With continuous development of semiconductor technology, semiconductor technology nodes continue to decrease based on Moore's Law. In order to adapt to the reduced technology nodes, channel length of MOSFET devices is shortened. The shortened channel length may allow increases of die density and increases of switching speed of the MOSFET.
However, as the channel length of the device is shortened, the distance between the source and the drain of the device may also be shortened. This increases difficulties for the gate to control the channel region and increases difficulties in gate voltage to pinch off the channel. Then, subthreshold leakage phenomenon, i.e., the so-called short-channel effects, may be more likely to occur.
In order to better adapt to the scaled-down device dimensions, focuses of semiconductor technology are gradually changed from planar MOSFET transistors to three-dimensional-type transistors, such as fin field effect transistor (FinFET), with high efficacy.
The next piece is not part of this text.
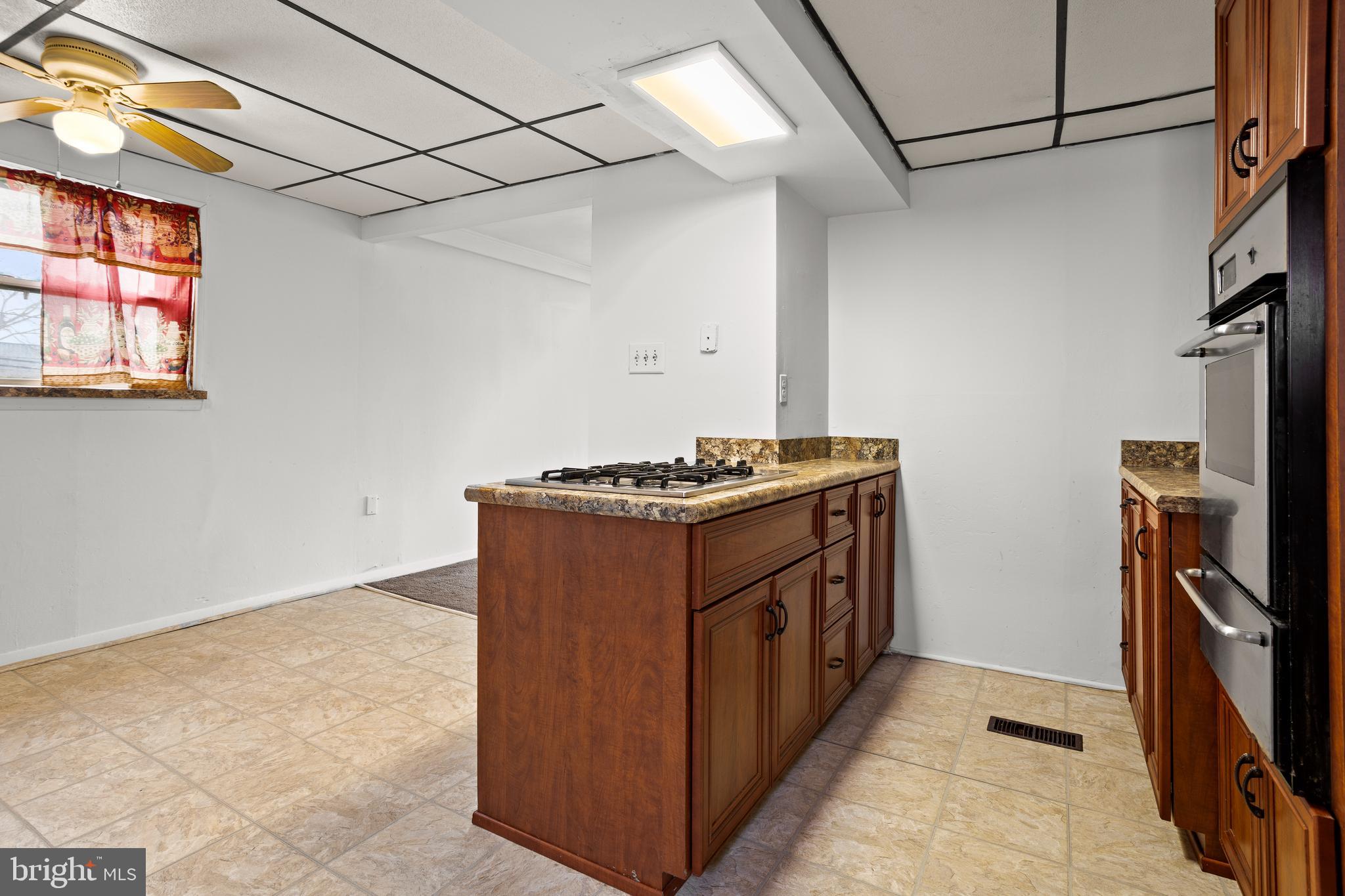 1900 Fowler Road Folcroft, PA 19032 - Photo 13 of 24 a utility room with washer and dryer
In a FinFET device, the gate may control the fin at least from both sides of the ultra-thin body (the fin) and may have much stronger control capability on the channel region, as compared with planar MOSFET devices. The short channel effects may be suppressed. Further, the FinFET may have better compatibility with existing IC production technology.
According to carrier mobility enhancement technology, the improved carrier mobility in the channel region may increase drive current of the FinFET device. Performance of FinFET may be improved.
In conventional semiconductor fabrication process, because a stress layer may be used to exert stress in the channel region to alter energy gap and carrier mobility of the silicon material. Performance of FinFET devices may then be improved. In particular, by appropriately controlling the stress in the devices, carrier (e.g., electrons for NMOS FinFET and holes for PMOS FinFET) mobility can be increased to improve drive current to greatly improve the performance of the FinFET devices.
However, the stress layer formed using conventional methods may result in undesirable electrical performance of the resultant FinFET devices.